Un placer caminar por medio de tanta belleza. Una casualidad nos ha metido en este camino como tantas veces; quizás sea cierto que para que algo suceda sólo tenemos que desearlo con un poco fuerza. Más arriba un letrero advierte de posibles peligros relacionados con los trabajos de antiguas minas, túneles, hoyos, restos de materiales semienterrados entre la vegetación. De hecho la zona fue explotada a finales del siglo XIX con alguna profundidad. Más tarde encontraríamos algunos pozos y túneles y restos diversos de algunas explotaciones, y junto a ellas, y muy curiosamente, cantidad de grandes rocas y cortados de una extensa gama de colores. Hubo que parar y pasar un largo rato dándole trabajo a la cámara que anduvo por ahí entusiasmada con el descubrimiento. Afloraciones rocosas junto a un camino que sorteban pequeños precipicios y que se levantaban a la izquierda del sendero evidentemente construido por los mineros que debieron de utilizar gran cantidad de pólvora para abrirse paso en los cortados de roca que caían verticales como acantilados cincuenta, cien metros más abajo sobre una tupida vegetación de palmeras.
Después de cuatro horas de camino el sendero terminó descendiendo hasta el río Karangahake de nuevo. Desde allí remontaba la corriente y, asentado verticalmente sobre el río sobre tablones en voladizo, atravesaba la conocida garganta que sirvió algo más de un siglo atrás como lugar de acceso a algunas de las minas. Unas breves cascadas más arriba señalaban el comienzo de un estrecho túnel de ciento cincuenta metros para el que nos habíamos provisto de linternas.
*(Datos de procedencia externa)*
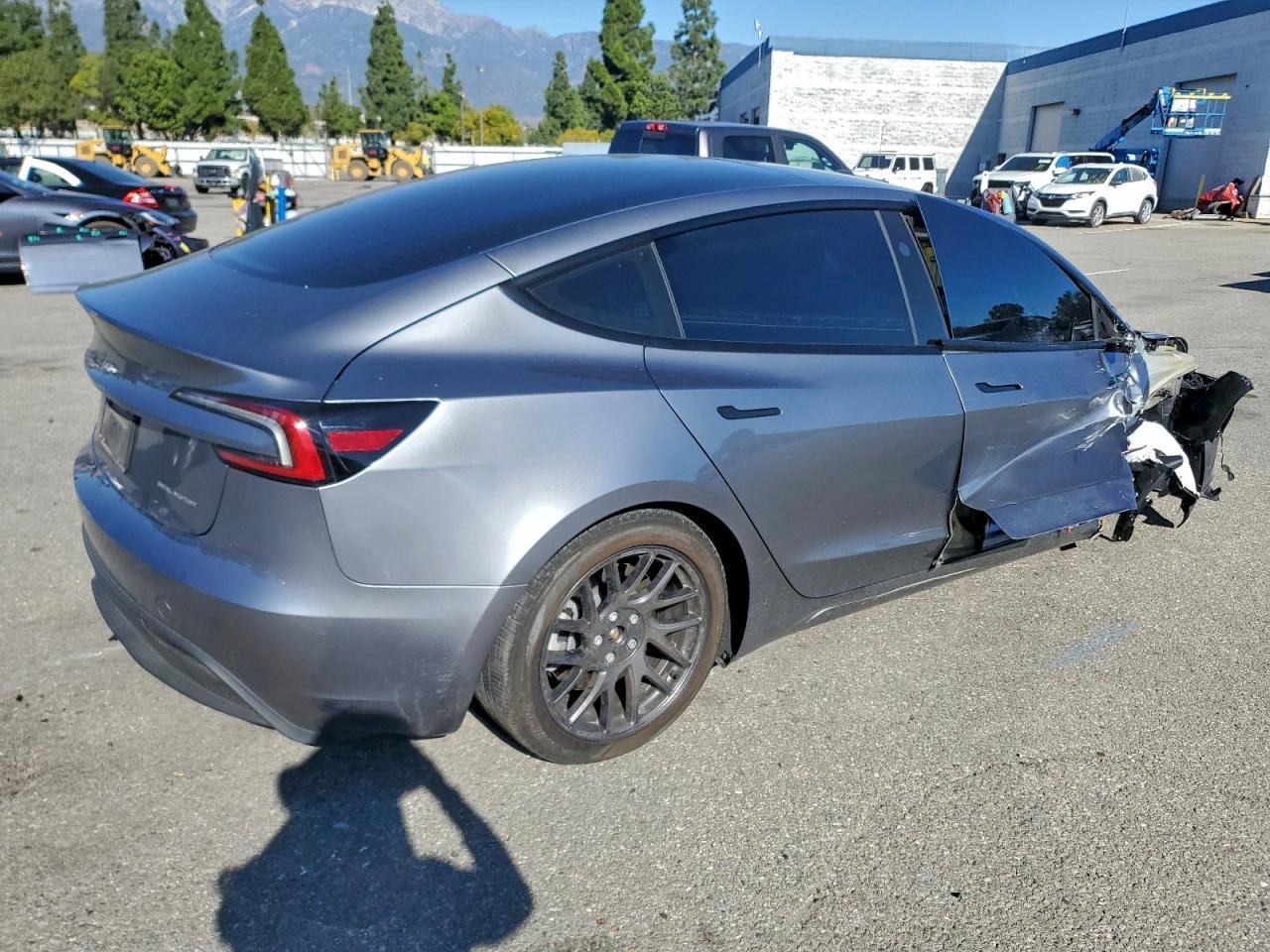 2025 Tesla Model 3 - Фото 3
Una hora más, un par de puentes colgantes, siempre tan frecuentes en Nueva Zelanda, y ya estábamos en casa. Nuestro campsite de hoy son varias praderas en medio del bosque a la orilla del río, uno de tantos emplazamientos que el Departament of Conservation,  el Te Papa Atawhai en maorí, habilita para el público en todo el país. Estamos en un país donde el Estado trabaja al servicio de los ciudadanos habilitando espacios y dotándolos de servicios esenciales. Antes estos lugares eran gratuitos, ahora se paga una cuota de tres euros y medio que se destina al mantenimiento del lugar. Aquí manda el sentido común, ya se ve. Tendríamos que invitar a los responsables de medio ambiente de nuestro país a que se den una vuelta por aquí a ver si así aprendían un poco y se les iba metiendo en la cabeza que la patria, el país, la tierra que habitamos o como se le quiera llamar debería estar destinada al esparcimiento y gozo de los ciudadanos y no a la especulación o los caprichos de unos cuantos funcionarios que se comportan como dueños de un cortijo con los espacios que dicen proteger. El mejor recuerdo que nos vamos a llevar de este país va a ser el uso que se hace de los espacios naturales en favor de los ciudadanos, eso y el modo cómo tantas razas y gentes de culturas tan diferentes se han integrado en una sociedad que es la de todos.